Il ne s'agit pas de mon expérience sur Dieu (« génitif objectif »), mais de la conscience que j'ai de l'expérience propre de Dieu, en moi (« génitif subjectif »), de ma participation à cette expérience qui constitue le noyau de mon être. Cette expérience de Dieu en moi me révèle à moi-même comme « un tu de Dieu», et me rend capable de découvrir ce « tu divin » en toute chose, spécialement dans mon prochain que je peux alors aimer « comme un moi-même ». «Ce n'est pas l'expérience d'un 'je suis' mais d'un 'nous sommes'. En langage chrétien on l'appelle la Trinité. ».

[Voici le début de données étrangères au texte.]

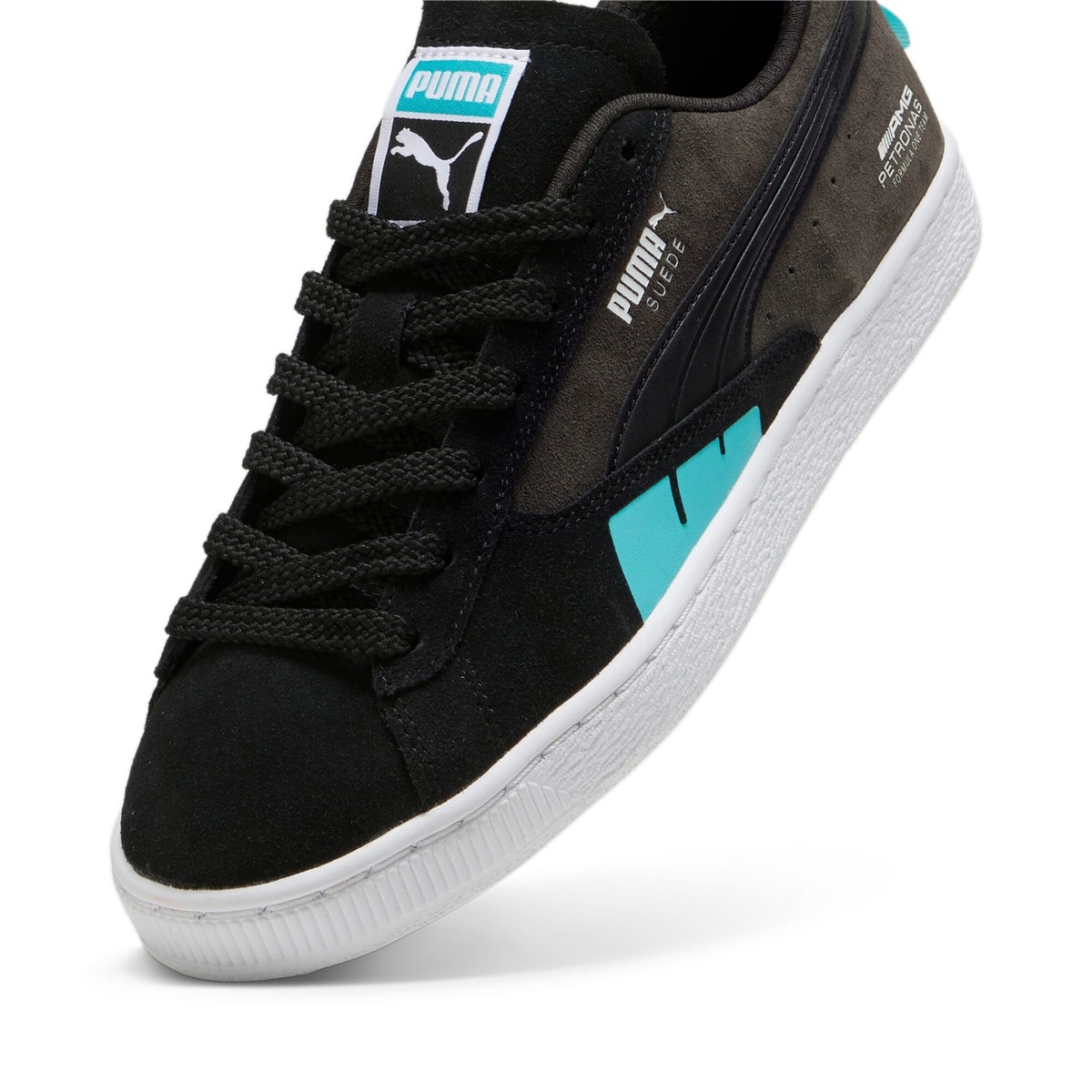 PUMA Mercedes AMG Suede★メルセデス ベンツ スエード Puma Suede XL Mercedes AMG MAPF1 Neon Men's - 308582-01 - US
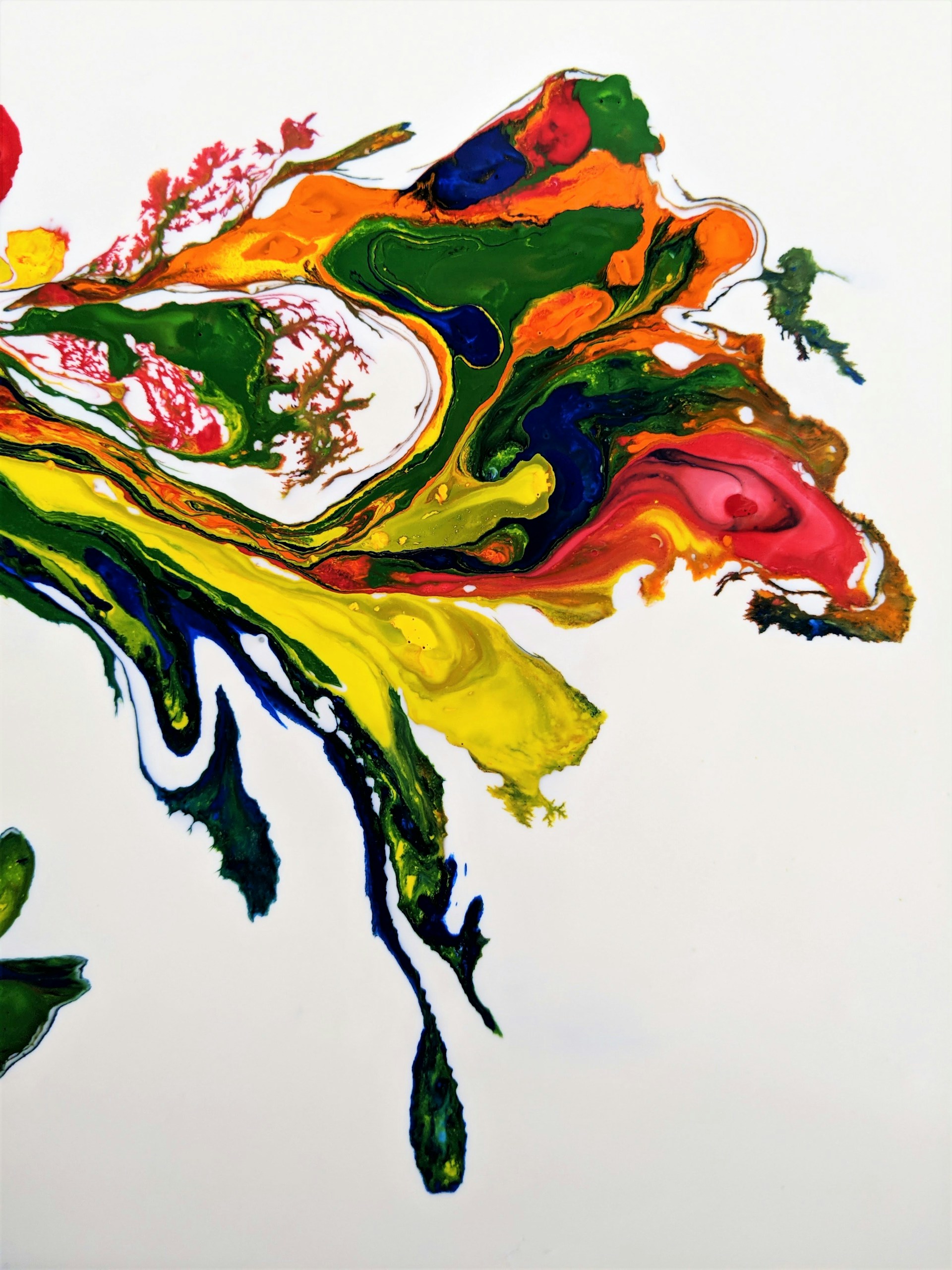 a picture of a painting with different colors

Pour le chrétien, l'expérience divine, est l'expérience de Jésus ressuscité. Il est appelé à vivre l'expérience transformatrice d'être ressuscité par le Christ, spécialement dans l'eucharistie où il devient « l'espace d'un instant pleinement lui-même dans la mesure où il participe au mystère du Fils ». Ceci sans négliger le dynamisme constant de l'Esprit qui nous rappelle que « l'expérience de l'Etre ne consiste pas à le saisir [...] mais à être étant avec l'Etre .»
REGARD CRITIQUE
L'approche de R. Panikkar, grand théologien catholique pétri de la culture et de la spiritualité de l'Inde, ne manque pas d'originalité. La vision de la réalité dont se réclame l'auteur est celle du non-dualisme (advaita) qui récuse le clivage entre esprit et matière, divinité et réalité. Le lecteur chrétien peut se sentir parfois déstabilisé par le paradoxe (l'oxymore) érigé en mode de pensée: l'expérience de Dieu posée comme à la fois impossible et universelle puisque déjà présente en tout un chacun; le mot 'Dieu' qualifié de « pas nécessaire » et substitué par les notions de « symbole », d'un « tu » ou « d'un 'plus' dans lequel nous pouvons avoir confiance d'une manière ou d'une autre »; l'amour et la joie, mais aussi la souffrance et le mal, repérés comme lieux de l'expérience ultime. Les pages sur la Trinité et l'urgence de redonner toute sa place à l'Esprit qui est Celui qui nous emporte dans l'expérience de Dieu, sont d'une lecture tout à fait stimulante. Les réflexions de R. Panikkar aident à prendre conscience que l'acte de foi s'incarne dans une culture, démarche impérative pour pouvoir aller à la rencontre des autres traditions religieuses sans crainte de dissolution de notre spécificité.